青に染まる

「でね、秋弥くんがね」
「兄貴さっきからそいつの話ばっかり」

 不機嫌な我が家の王子様に僕は学校であったことを語り聞かせていた。ちょっと理不尽に思ったのでむっとする。

「哀音が、『学校であったことを話してほしい』って言い出したんでしょう?」
「そうだけど……同じ話を五回も六回も繰り返すとか……老人かよ」

 はて、そんなに繰り返しただろうか。まあ、確かに話のテーマはずっと「後輩が可愛い件について」だったが。

「でも本当にいい子なんだよ? 秋弥くん」
「いつの間にか名前呼びになってるし……」

 名前呼びなぁ。そんなにいけないことだろうか。
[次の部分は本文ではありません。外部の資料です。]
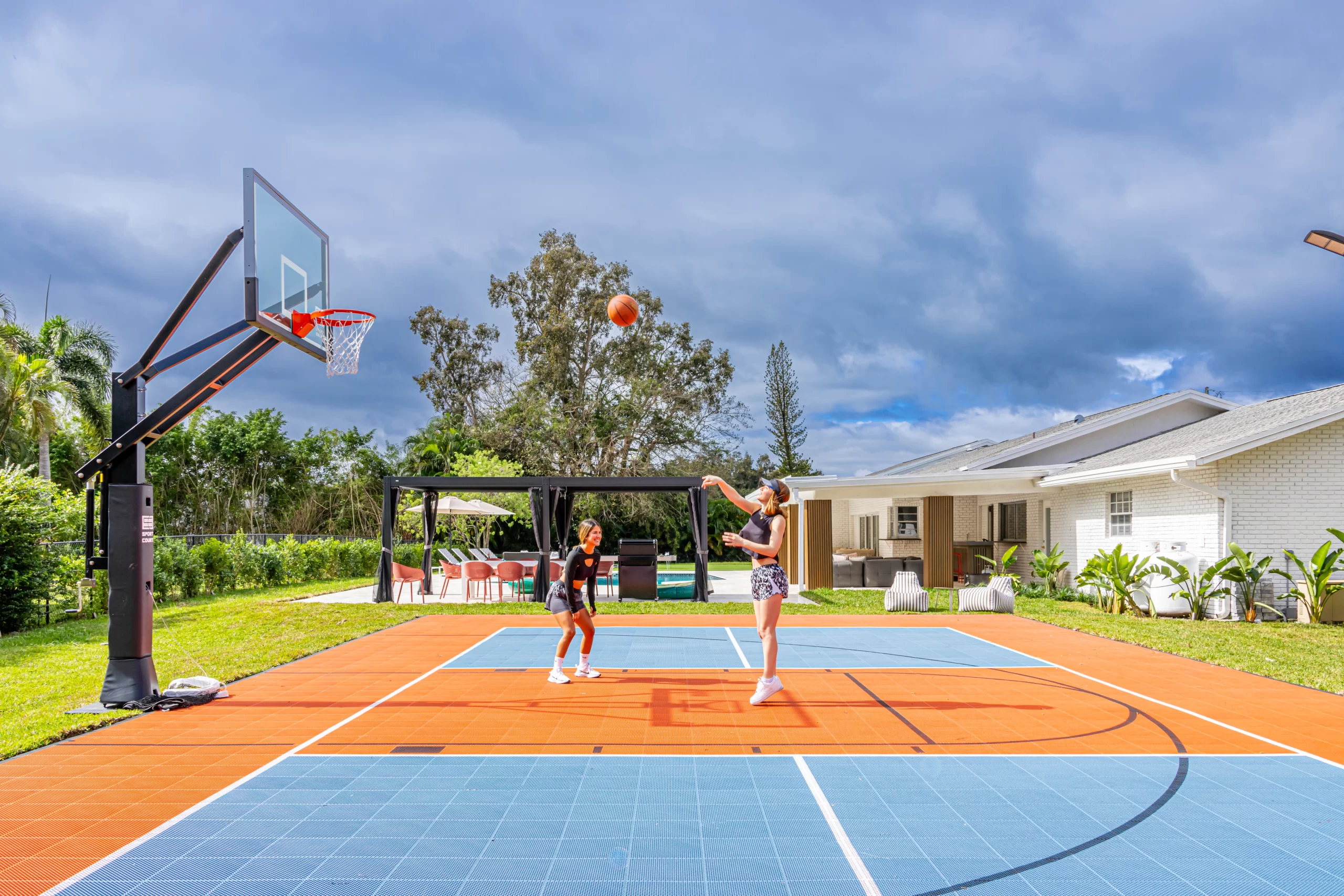Women playing basketball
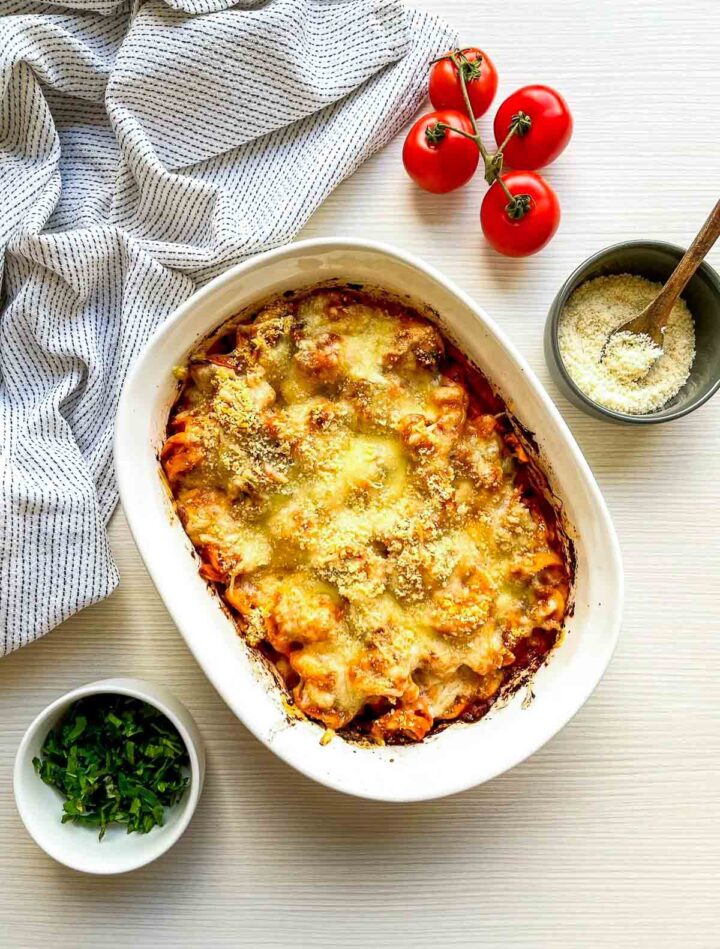 Freshly baked tortellini with bubbling, golden melted cheese and a rich tomato sauce, straight from the oven.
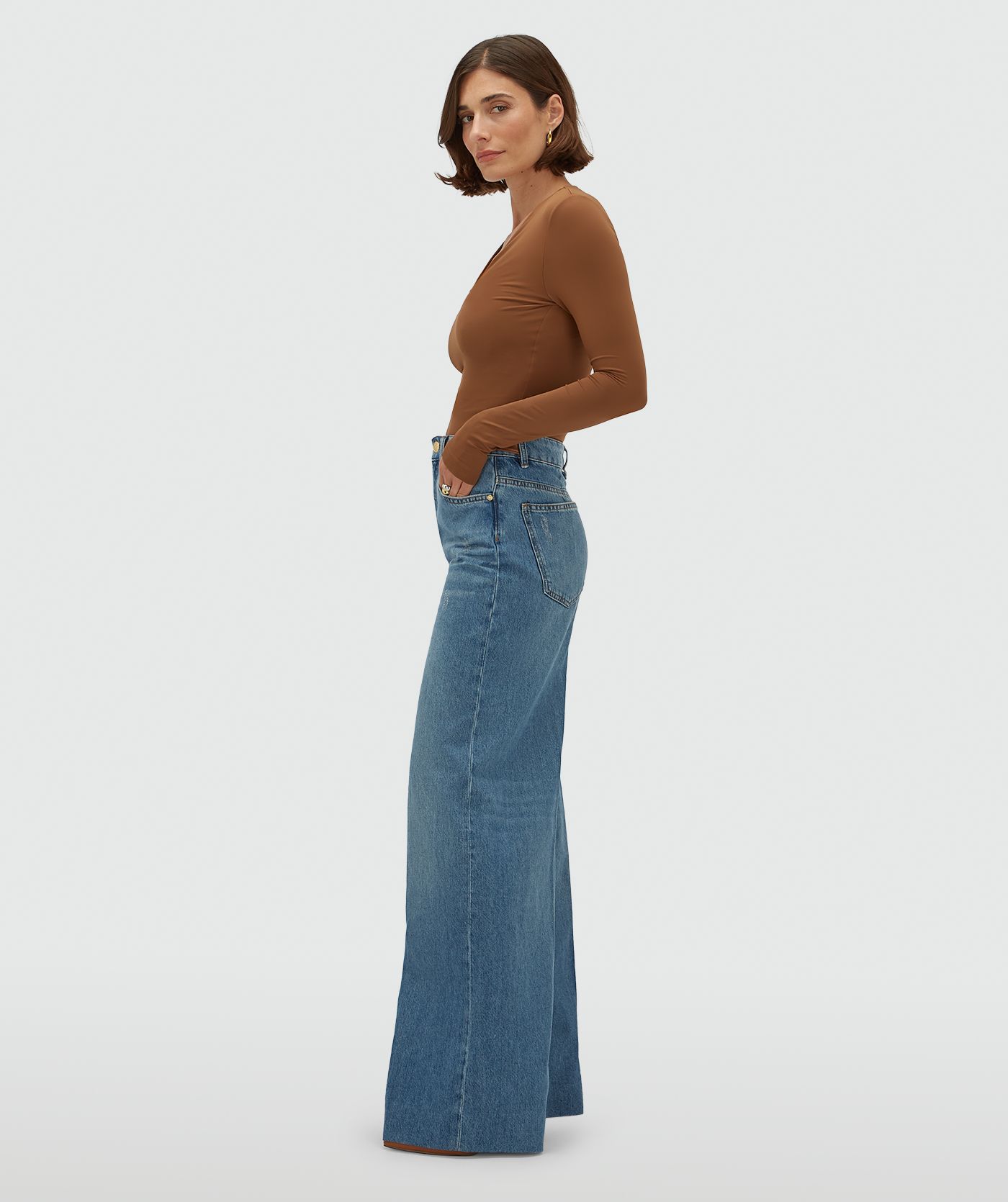 Model draagt een jeans met leren details aan de bovenkant, gecombineerd met een cognackleurige top.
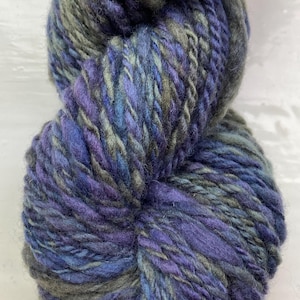 May include: A skein of thick, textured yarn in shades of blue, purple, and gray. The yarn appears to be hand-dyed, with color variations throughout the strands. The yarn is tightly wound, showing the texture of the fibers.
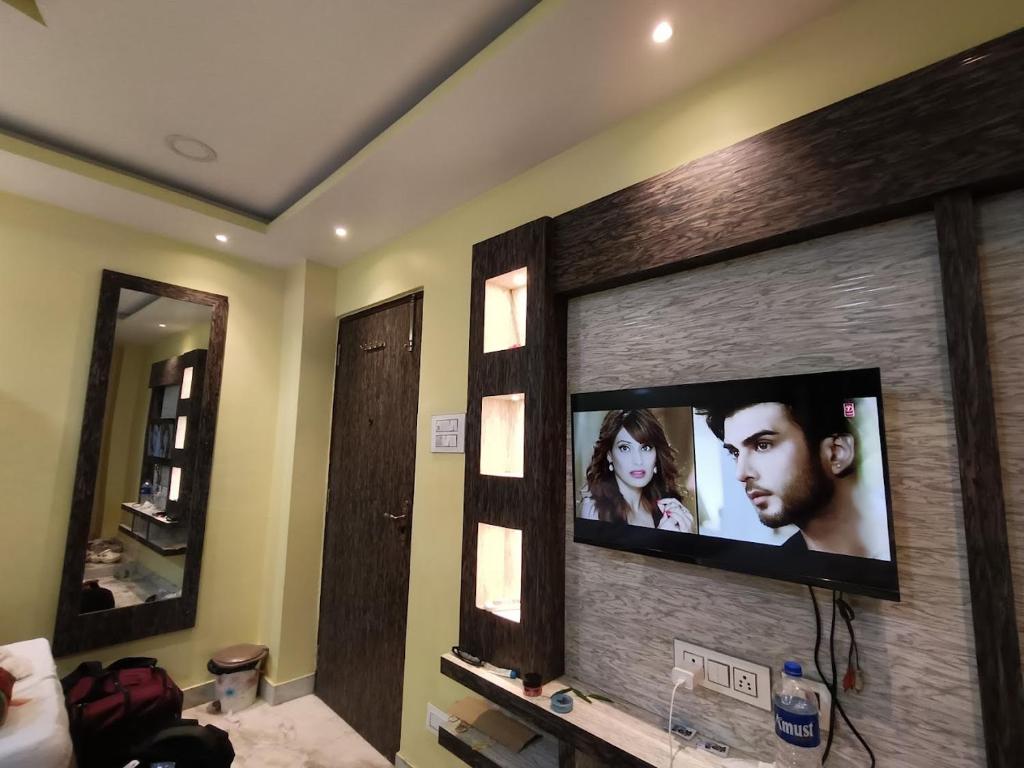 TV a/nebo společenská místnost v ubytování Sidra Guest House
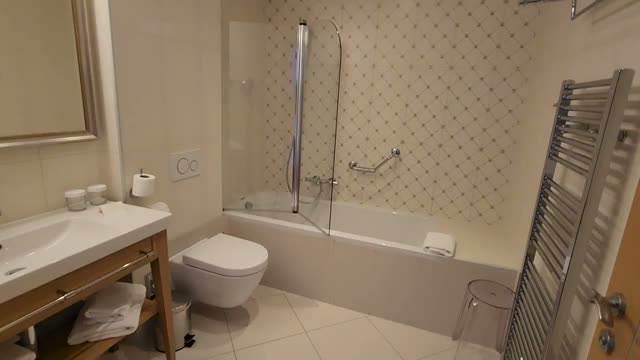 The bathroom with tub and shower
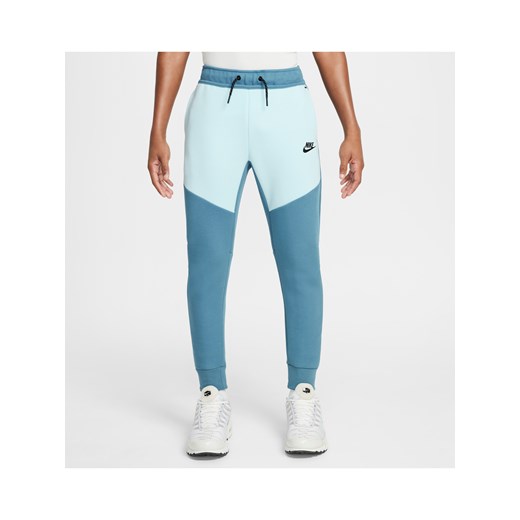 Joggery dla dużych dzieci Nike Sportswear Tech Fleece - Niebieski ze sklepu Nike poland w kategorii Spodnie męskie - zdjęcie 179308403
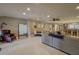 Open-concept living area features tile flooring, a ceiling fan, and ample space for entertaining at 5704 Half Moon Lake Rd, Tampa, FL 33625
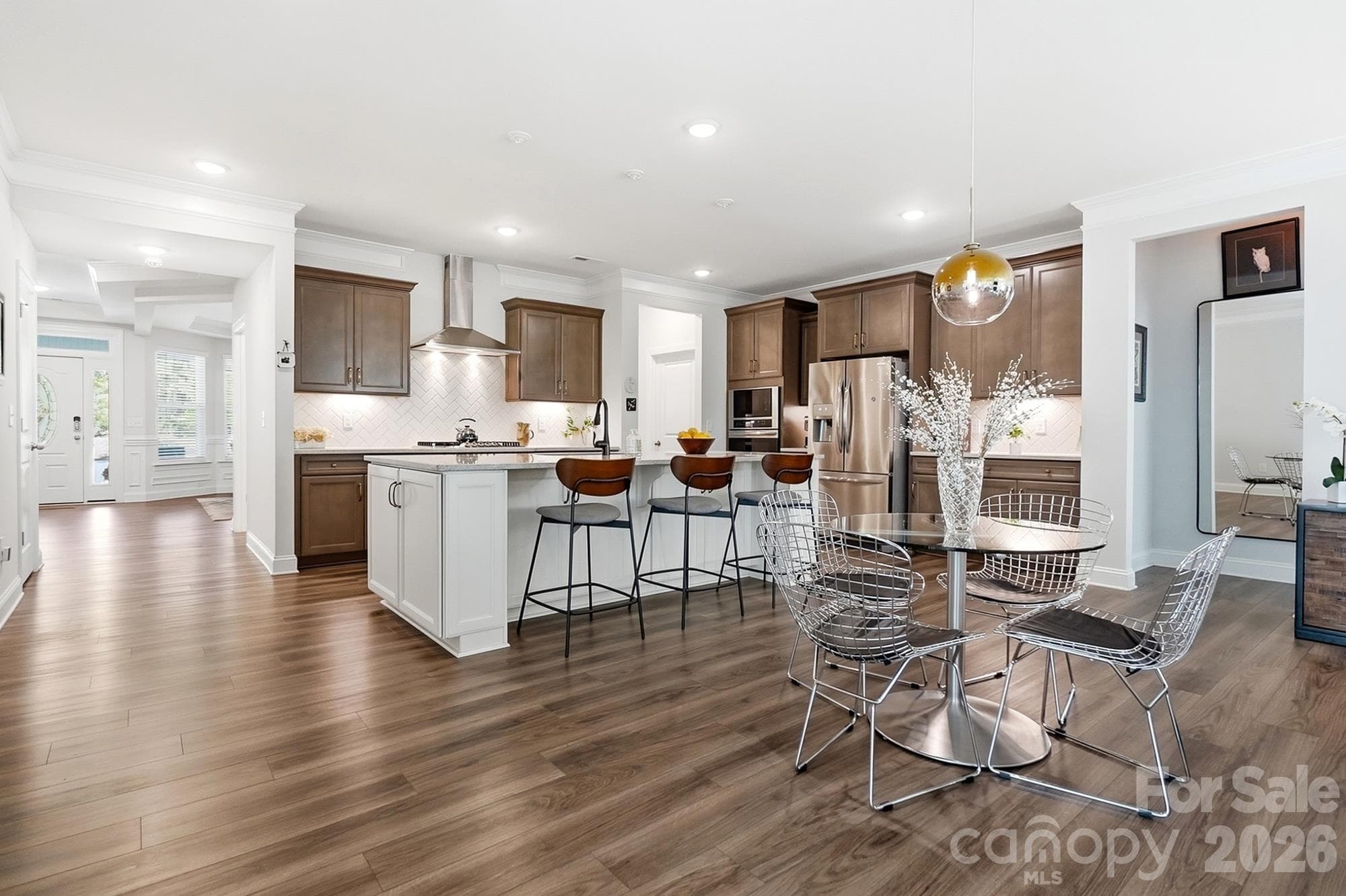 Gourmet kitchen with on trend Burlap and antique whitecabinetry and oil rubbed fixtures! - 2014 Old Evergreen Parkway, Indian Trail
ほとんど初対面から春子さんや夏帆さんは名前呼びだったから、僕としちゃ遅いくらいなんだけど。

「親しく感じるから好きなんだけどな、名前呼び」
「そうか?」

 我が弟は猜疑(さいぎ)的だ。

「小学校とか中学校とかならまだわかるさ。でも高校生だぜ? 普通苗字とかじゃない?」
「それは人それぞれじゃないかなぁ」

 確かに小説や漫画で描かれる高校生は名前呼びより苗字呼びの方が圧倒的に多い気がするが、それが全て現実に当てはまるとは思えない。それに秋弥くんの場合は苗字呼びから入っているし、何か問題があるのだろうか。

「兄貴の懐の広さにおれは感嘆するよ」
「ありがとう」
「褒めてない」

 あれ?懐が広いは褒め言葉じゃなかったっけ?

「何がそんなに不満なのさ、哀音」
「別に」

 哀音がちょっとそっぽを向き、口元に手を当ててぼそぼそという。

「別に兄貴が高校に馴染んで楽しそうにしているのが羨ましいとか妬ましいとか思ってないし」

 ちょっと哀音さん、言っちゃってますよ。全部声に出ちゃってますよ。全く、ツンデレさんで可愛いんだから。

 僕は哀音の頭をくしゃくしゃと撫でる。哀音はくすぐったそうに肩を竦めた。

「んだよ? いきなり」
「哀音ってば可愛いー。つまり嫉妬?」
「んなっ」

 頬が上気している。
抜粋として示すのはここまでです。